Would another option be for her to make a visa run? For a comparable fee, she could theoretically take a bus to Cambodia and obtain a visa for thirty days, rather than an additional two weeks or so. Granted, nothing has gone quite according to plan on this trip. I would hate for her to be denied entrance at the Cambodian border. But I assume a return to the Philippines will eventually entail further bribes to enable her to visit again, once my battered finances recouperate.


----------



## Guest (Jun 18, 2010)

It's not a standard farang visa run thing, is it. I wouldn't risk that, in your shoes. Either Bangkok immigration permits it, or they tell you how and if it can be done. 
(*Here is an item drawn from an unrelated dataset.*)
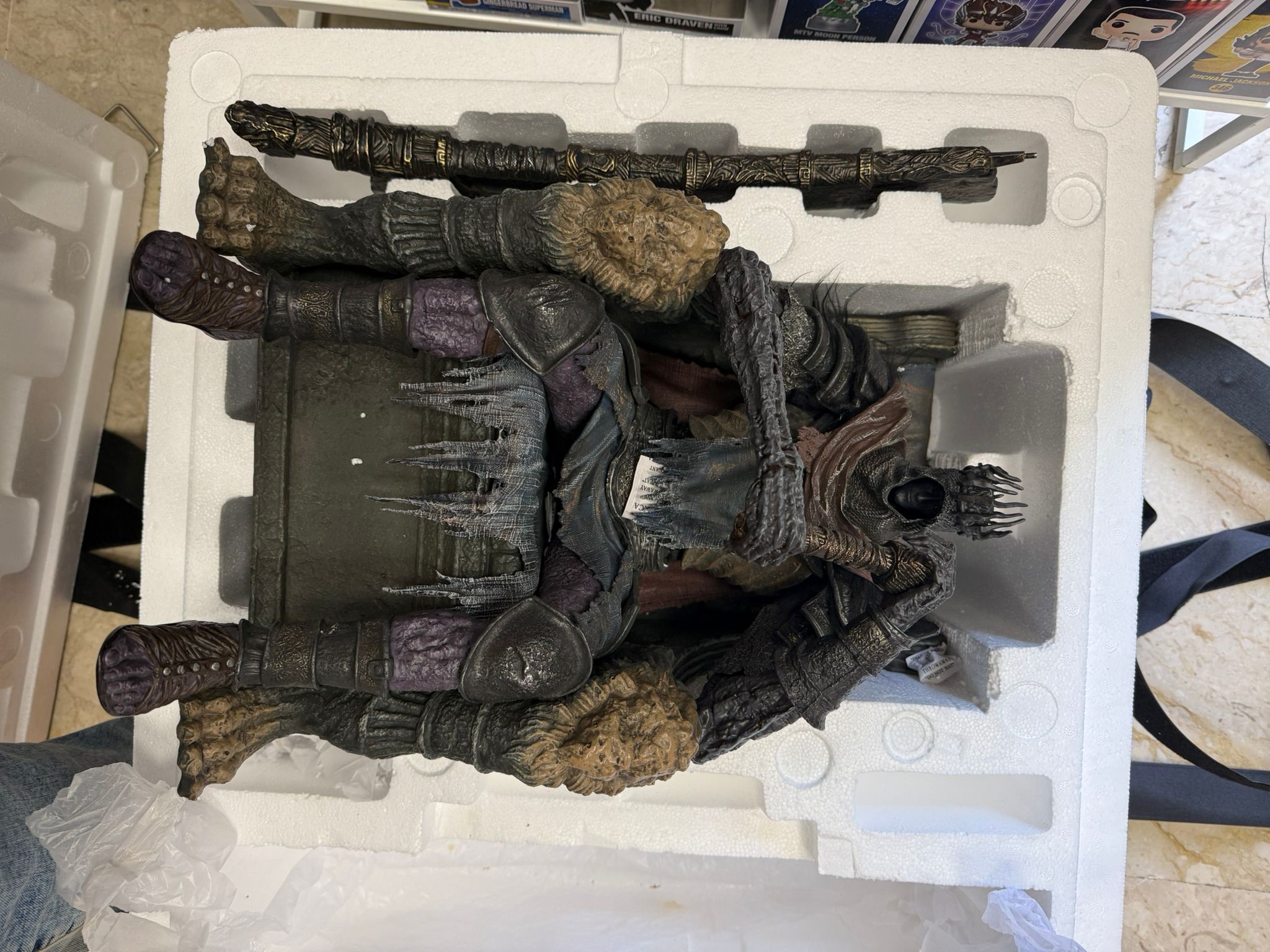 Inserzione privata Yhorm F4F aperta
Why the @@@@@ didn't she think of this before coming in. At least a flight back a month later could be rebooked if she wanted to leave sooner!


----------



## gino (Jul 20, 2009)

frogblogger said:


> It's not a standard farang visa run thing, is it. I wouldn't risk that, in your shoes. Either Bangkok immigration permits it, or they tell you how and if it can be done.
> 
> Why the @@@@@ didn't she think of this before coming in. At least a flight back a month later could be rebooked if she wanted to leave sooner!


I expect it was a combination of shyness/insecurity, poor communications and poor direction by the travel agency.


----------



## Guest (Jun 21, 2010)

Anyway, glad it all worked out in the end for you both. Hope she manages to extend her stay...


----------